Since the winner of the Flame Challenge has been announced (congratulations to Ben Ames with his animated video!), I thought I’d, for the sake of some potential feedback, publish my humble entry and comment a bit on the challenge itself. For those of you who’re not sure what I’m talking about, the Flame Challenge was an initiative spearheaded by Alan Alda which sought an answer to a seemingly simple question: what is a flame?

A flaming matchstick.

What is this?

When Alda was 11, he’d asked this of his science teacher, and the teacher replied simply “it’s oxidation,” which is a thoroughly unsatisfying answer. In an effort to get people thinking about how to make science accessible to young people, Alda challenged the science community (and anyone else who was interested) to explain what a flame was in a way that an 11-year-old could understand it. Classes of 11-year-olds all over the US judged the entries, and the challenge will now become an annual initiative (though with a different question each year).

Here’s a few short paragraphs that I submitted.

A flame is very much like a dance. On its most elemental level, the dancer’s body and a rhythm combine to form a continuous motion in the presence of music to create a dance. All these components are needed for a dance: if any one of them is missing, the dance disappears into thin air like a blown-out match. Similarly, fuel and oxygen combine in a continuous reaction in the presence of heat to create a flame. Flames dance in harmony with the rhythm of the air currents around it, with the changing proportions of fuel and oxygen and ash, with the ever-changing world around it.

Let’s say that we’re lighting a candle, so the fuel we’re using is wax. Typically, though, we don’t heat the candle until it spontaneously bursts into flame — we light it with a match. Matches use heat from friction generated when the match is struck against a rough surface to burst into flame. When we zoom in and look at the lit candle on a molecular level, we can see the atoms dancing too. When the candle is lit, the heat from the match flame gets the atoms moving and dancing. As the atoms dance more and more, they find new dance partners and form new molecules. This produces heat and energy, which we see (when we zoom back out to see the whole candle) as a flame. Some of the wax is transformed into carbon dioxide and water vapour, some of the wax melts from the heat of the flame before it burns, and the candle stays lit until either the fuel or oxygen runs out, or someone blows out the candle. Blowing out the candle pushes the flame far enough away from the fuel source that the chain reaction stops, and the flame dies.

When we zoom out from the single lit candle and look at how fire has transformed humanity, the metaphor shifts slightly. Rather than the flame being a dance, fire starts to define the dance. With fire, we can cook and preserve food and reduce illness from tainted food. With fire, we can work with metals and make durable tools and structures. With fire, we are not reliant on the sun for a source of light, so we can be productive before sunrise and after sunset.
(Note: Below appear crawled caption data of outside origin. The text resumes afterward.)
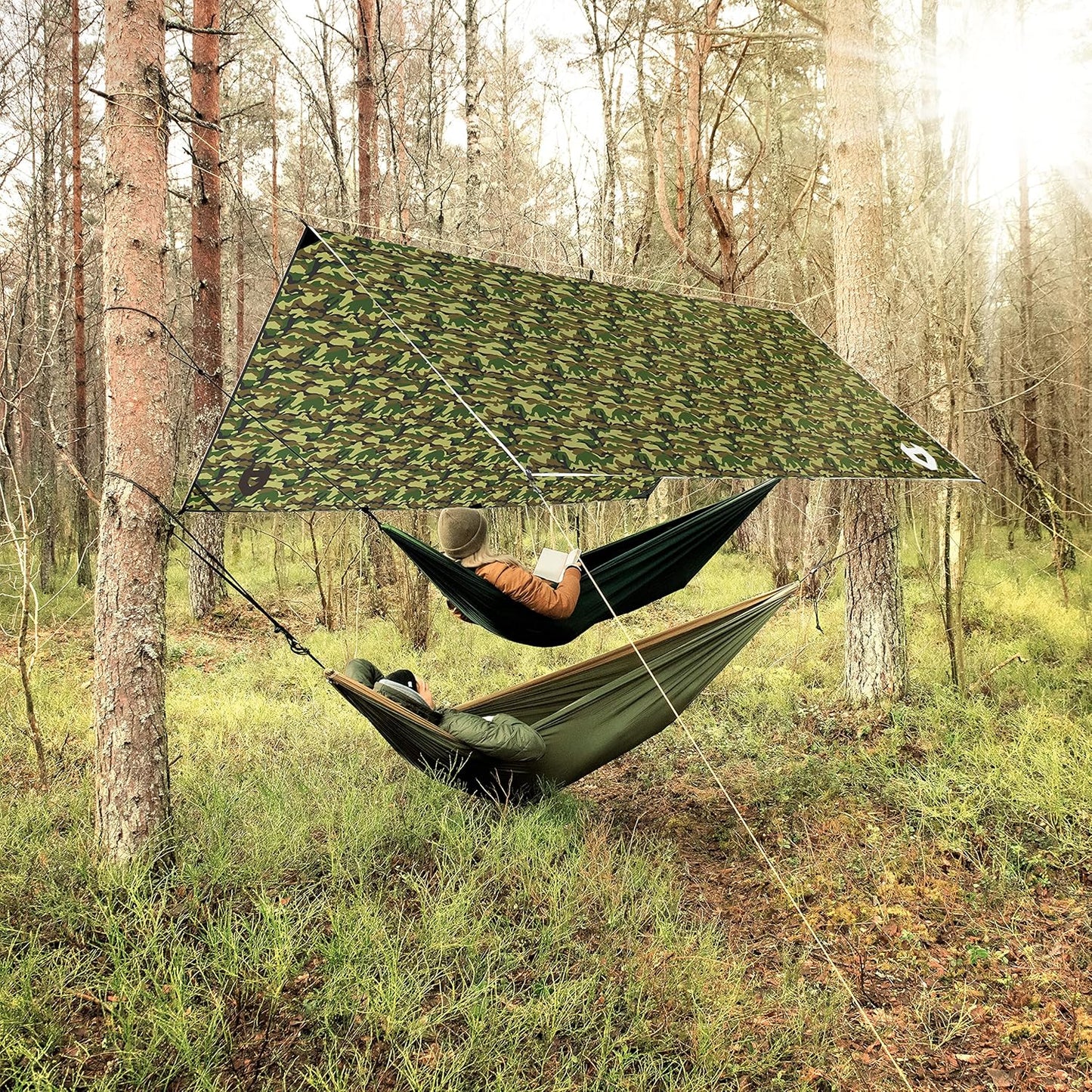 Rain Fly 10X10 Lightweight Survival Camping Tarp; 100% Waterproof; Makes a Great Backpacking Tarp or Hammock Shelter; Comes in Multiple Colors, Survival Bracelet Included; Camo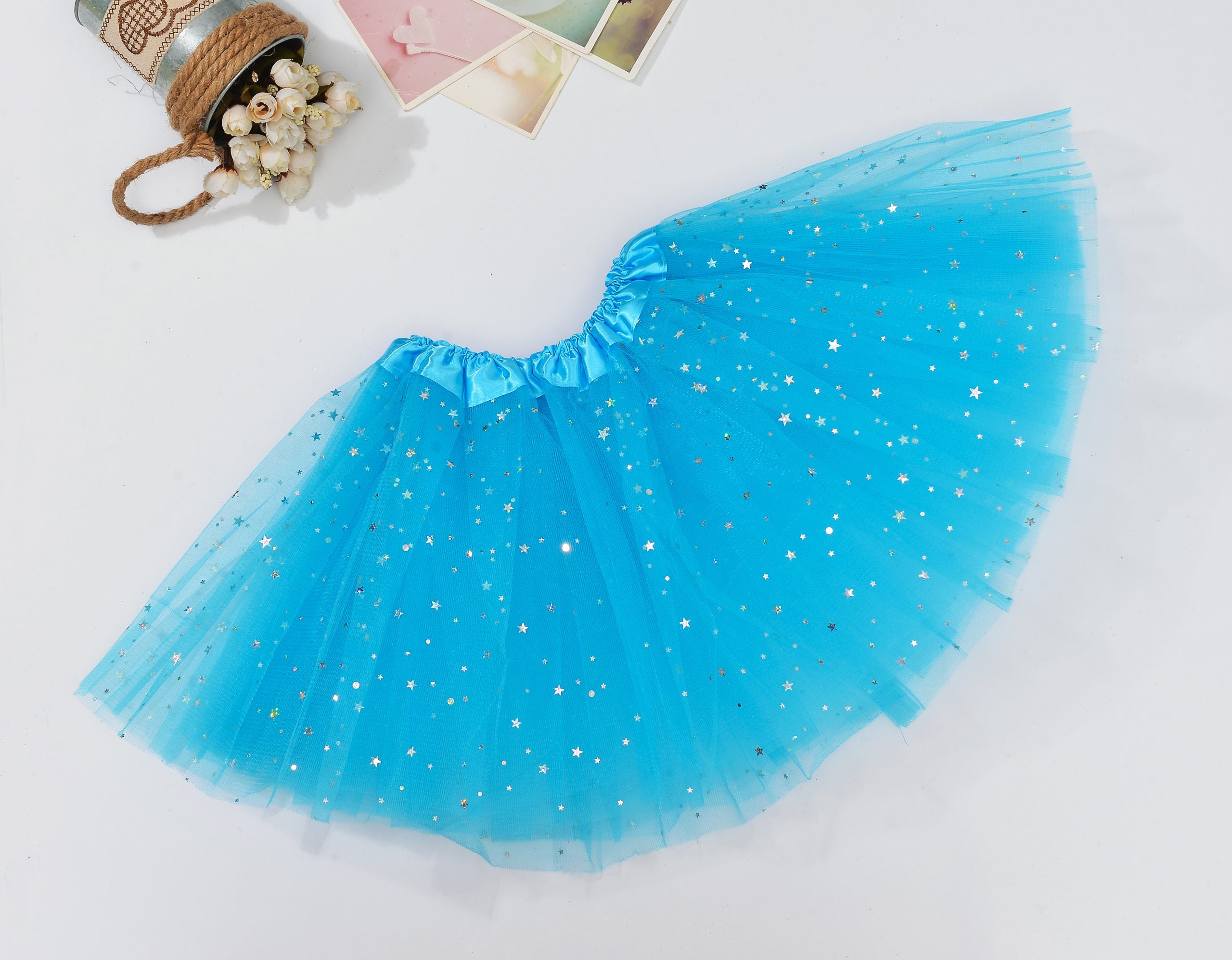 Sequin Tulle Tutu Skirt Ballet Kids Princess Dressup Party Baby Girls Dance Wear, Aqua, Kids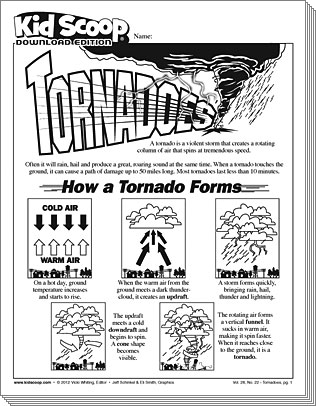 Fifth grade science worksheet featuring fill-in-the-blank questions about tornadoes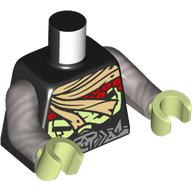 Torso, Tan Wrappings, Red Armor, Yellowish Green Ribcage, Silver Belt with Skull print , Flat Silver Arms, Yellowish Green Hand Schwarz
With fire, the rhythms of humanity shift from rhythms limited by forces and resources beyond our control, to rhythms that we manipulate and control.

The finalists are listed here, and the honourable mentions are listed here.

I’m pleased to note that some other people ran with a more poetic answer than a straight scientific one. Initiatives like this highlight how interpretive science communication can be, and how different starting points and view point can put the same scientific phenomenon in a variety of different lights. Having a variety of viewpoints and perspectives on science helps communicate science to a wider variety of people, since some interpretations won’t resonante as well with some audiences as others. I think the Flame Challenge is a great initiative, and I’m pleased to see that there was a high level of participation both on the submission side and also the judging side. The one criticism I have is that I think audio-video submissions should have their own category, separate from written submissions. Both are powerful modes of communication, but comparing the two is a little like comparing apples and oranges, and having two categories would help highlight exceptional writing and video.

So, readers: how would you explain a flame to an 11-year-old?